Usage¶
Installation¶
To use PyThat, first install it using pip (via terminal):
$ pip install PyThat
Please note, that PyThat is not yet available via conda/Anaconda.
Basics and Scope¶
The package reconstructs the measurement tree and lets the user choose the row containing an indicator. It then uses the metadata from the measurement tree to construct an xarray object with n+m dimensions, where n is the dimension of the indicator in the specified row and m the number of indents/loops.
Since xarray is built around labeled arrays, it also reconstructs the dimension label (dims) and label coordinate (coords) attributes of the xarray objects. The scope of PyThat is the conversion into the xarray format. For use of xarray see the well maintained xarray documentation.

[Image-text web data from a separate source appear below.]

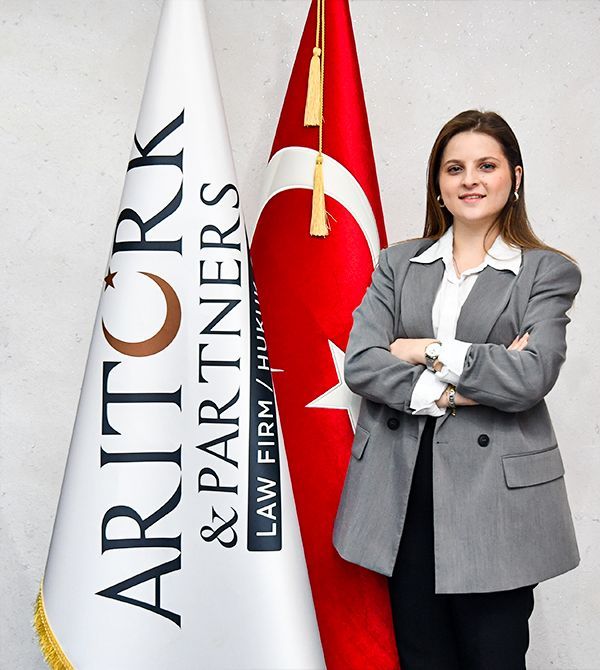 Av. DİLARA BAŞARAN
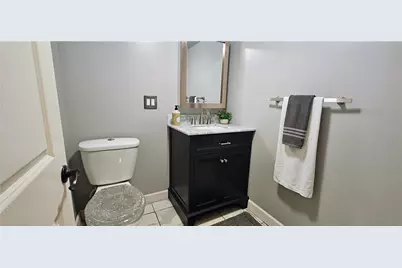 1852 The Circle, Canton Township, PA 15301 - Photo 37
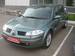 Preview 2005 Renault Megane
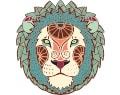 Leo Property Horoscope 2022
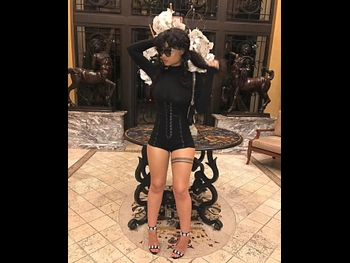  alt="India Love Westbrooks"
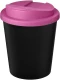 Kohvitops Americano® Espresso Eco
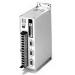 E5ZE-8VAAMPB-EOmron Automation and Safety
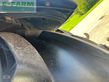 Tractor agrícola - Claas - arion 660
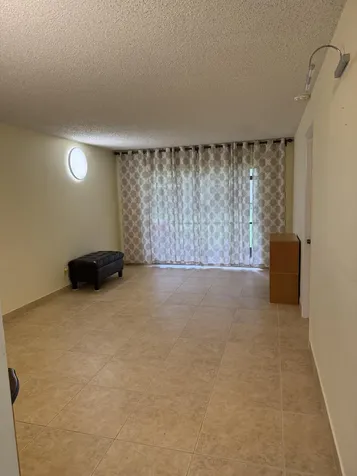 4272 NW 89th Avenue Coral Springs FL 33065
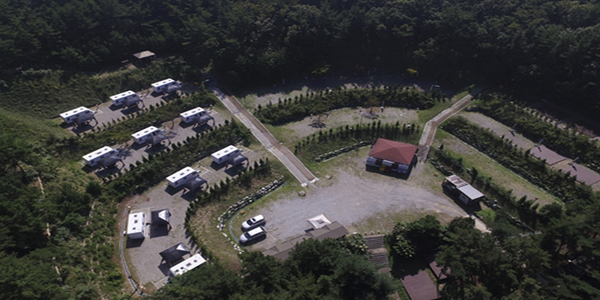 청년 참여기구 관련이미지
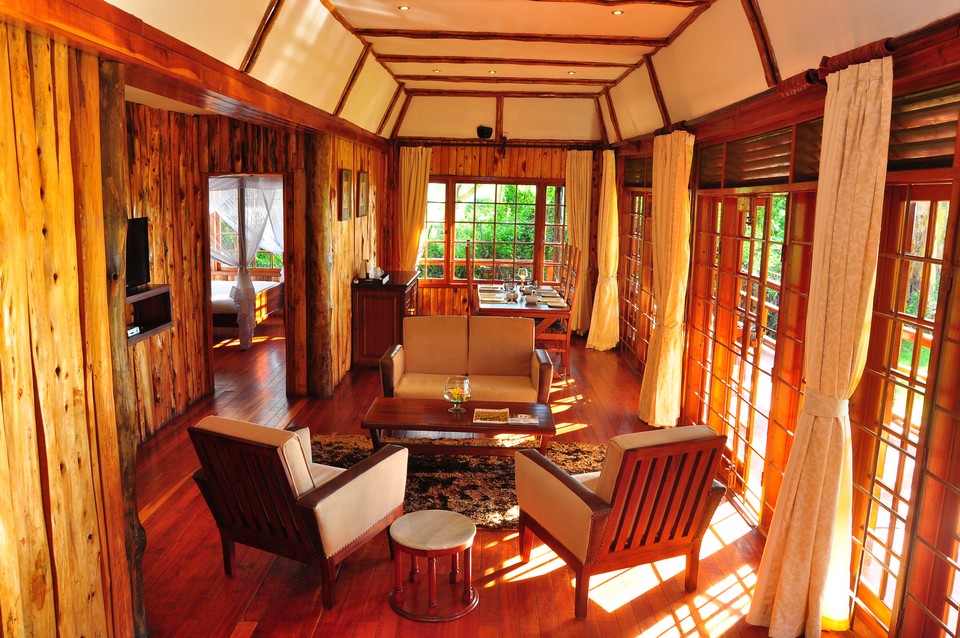 Lake-Naivasha-Country-Club-Presidential-Suite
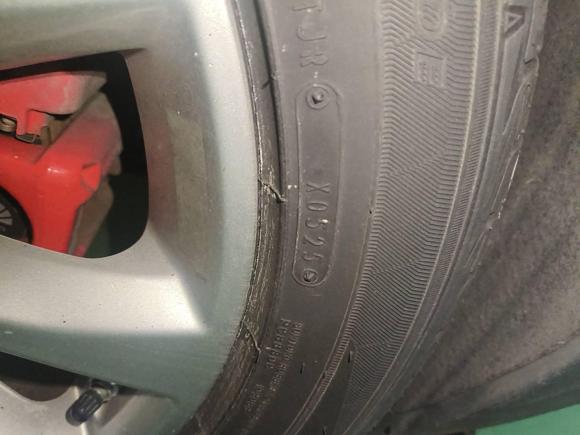 [杭州·浙A] 二手吉利汽车帝豪GS2016款 运动版 1.3T 自动领尚型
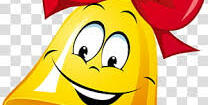 02001j09-9d80-311x157.jpg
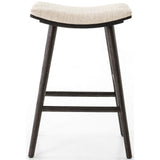 Union Counter Stool, Essence Natural - Furniture - Chairs - High Fashion Home
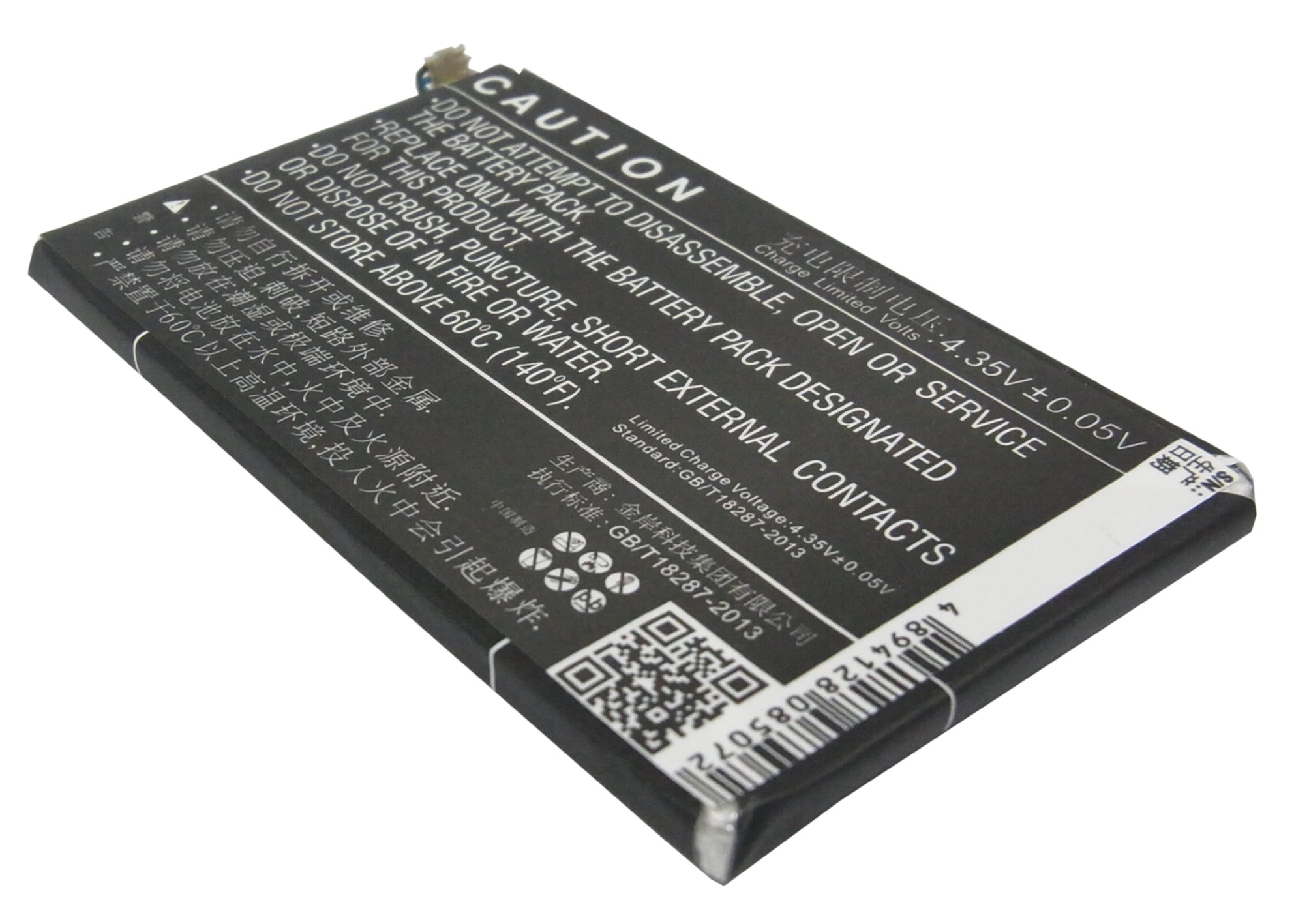 CS-ZNX501SL-3.jpg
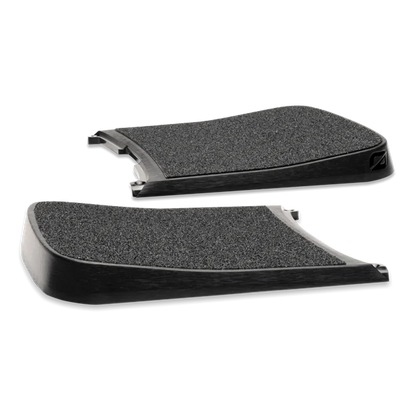 Onewheel GT Flat Kick Footpads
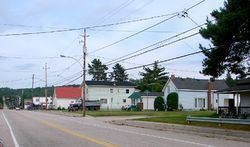 Trout Creek, Ontario httpsuploadwikimediaorgwikipediacommonsthu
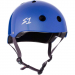 S-One V2 Lifer Ķivere (L)
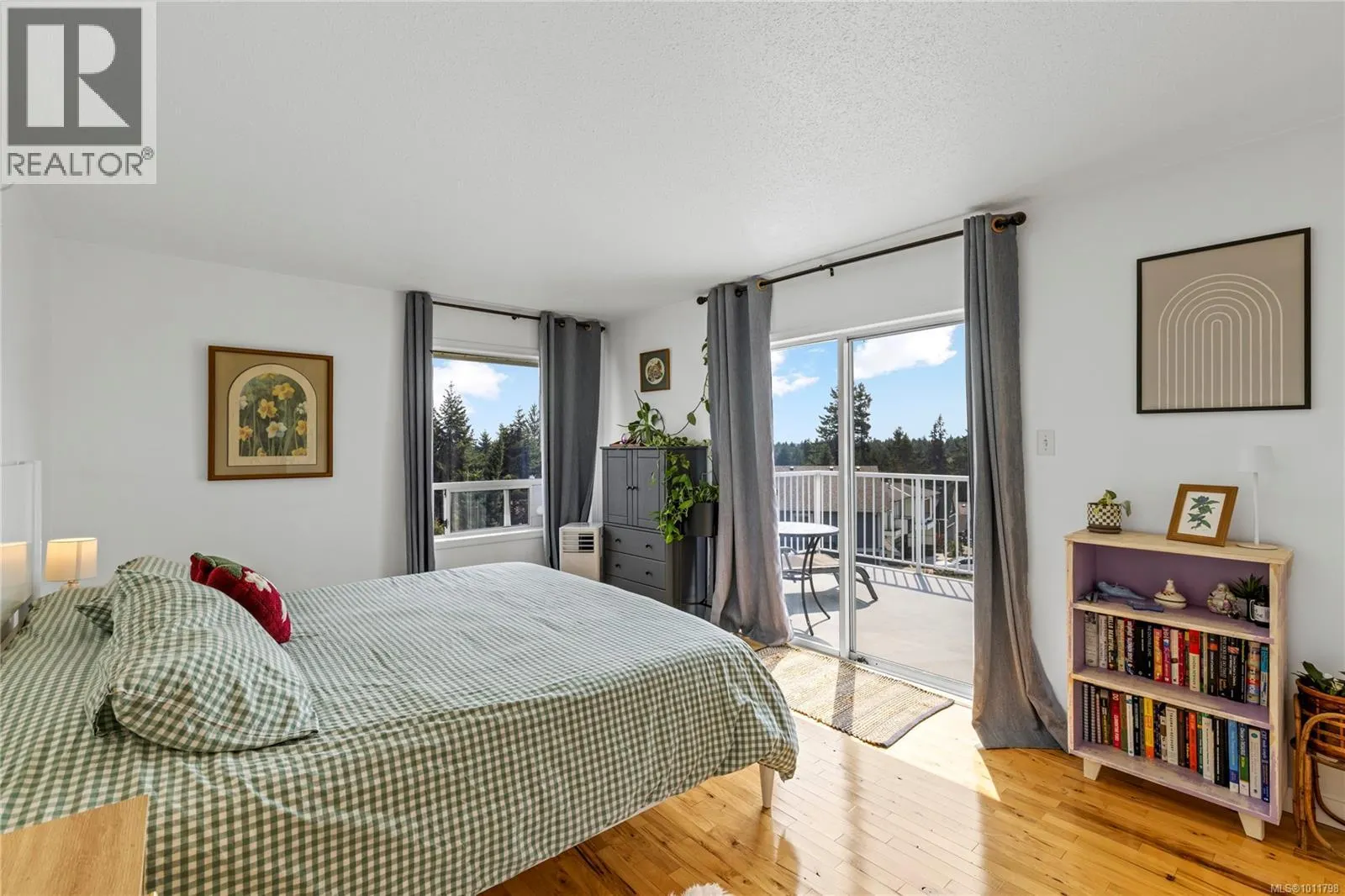 208 SCARBOROUGH Pl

After starting at version 0.27 all data is read for all valid indicators and combined to a dataset. The old version with indexing should still work, however.
Tutorial¶
Load Data¶
from PyThat import MeasurementTree
path = r'C:\some_folder\measurement_file.h5'
mt = MeasurementTree(path)
This will create a MeasurementTree object mt in which the measurement data is stored.
The printout will look somewhat like this:
Number of groups: 2
(0, 0) "row_00": ['scalar control', 'Anritsu ShockLine MS46xxx VNA', 'Number of points', 1001.0, 2147483647.0, 1.0]
(0, 1) "row_01": ['scalar control', 'Anritsu ShockLine MS46xxx VNA', 'Start frequency (MHz)', 5650.0, 43499.999998, 1.0]
(0, 2) "row_02": ['scalar control', 'Anritsu ShockLine MS46xxx VNA', 'Stop frequency (MHz)', 6350.0, 6350.0, 1.0]
(0, 3) "row_03": ['scalar control', 'Anritsu ShockLine MS46xxx VNA', 'Averages', 10.0, 4294967295.0, 1.0]
(0, 4) "row_04": ['boolean control', 'Bruker_B-EC1_Simple', 'DC Output', 'TRUE']
(0, 5) "row_05": ['scalar control', 'Bruker_B-EC1_Simple', 'Set Magnetic Field (mT)', 130.0, 155.0, 21.0]
(1, 0) "row_06": ['boolean control', 'Anritsu ShockLine MS46xxx VNA', 'Trigger spectrum', 'TRUE']
(1, 1) "row_07": ['indicator', 'Anritsu ShockLine MS46xxx VNA', 'Im_S11'] (21, 1001)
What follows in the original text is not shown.